■ Exercise: Please go line by line and repeat the data below exactly, with no images.

■ Provided material:

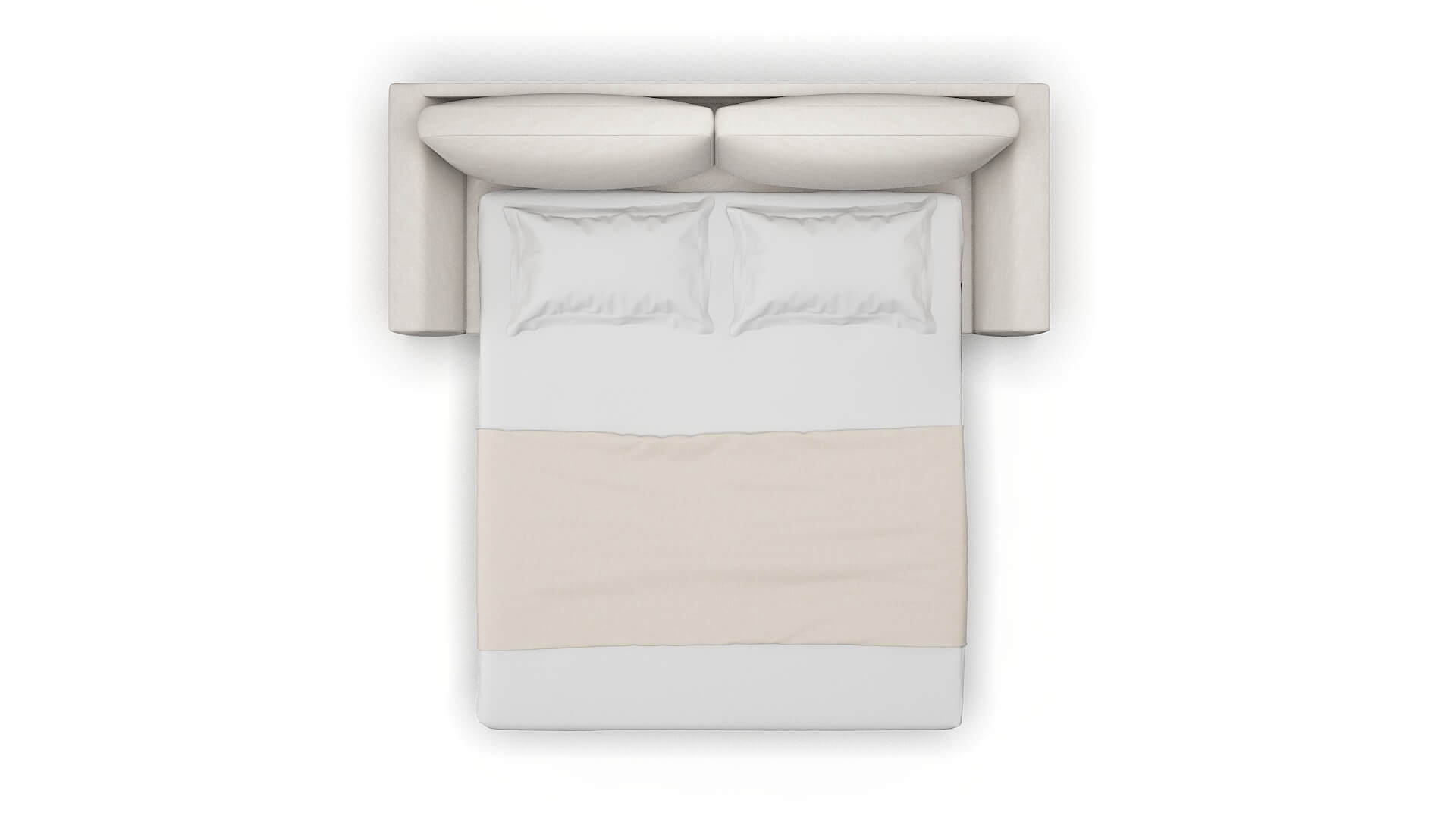 Royal Dream_d Stone Sofa Sleeper Espresso legs 3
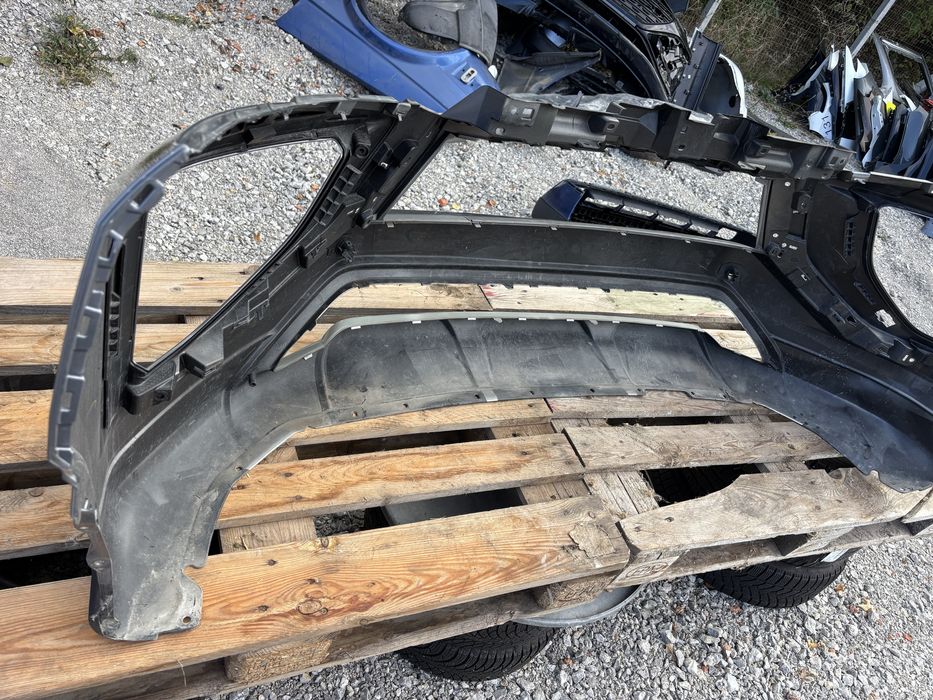 Броня Mitsubishi Eclipse Cross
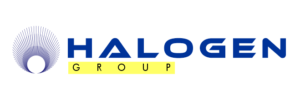 halogen logo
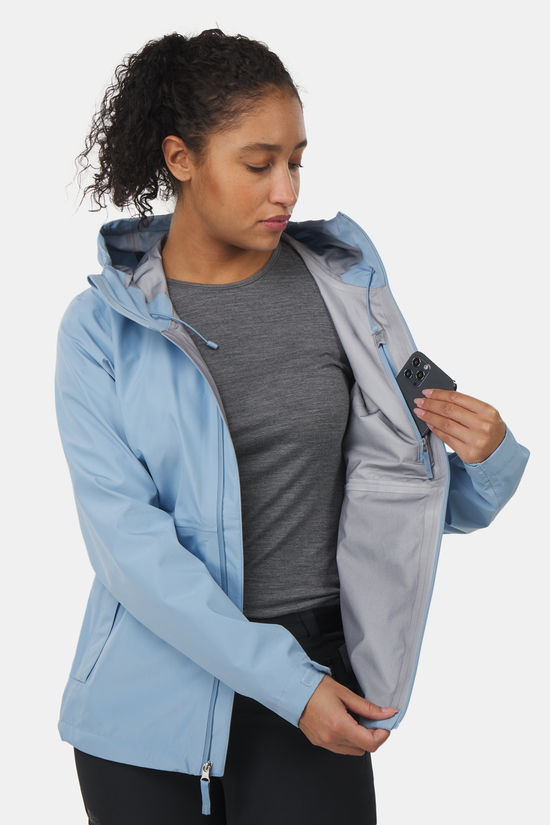 The North Face The North Face Dryzzle Futurelight Hardshell Jas Dames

■ Answer to this problem:
 Royal Dream_d Stone Sofa Sleeper Espresso legs 3
 Броня Mitsubishi Eclipse Cross
 halogen logo
 The North Face The North Face Dryzzle Futurelight Hardshell Jas Dames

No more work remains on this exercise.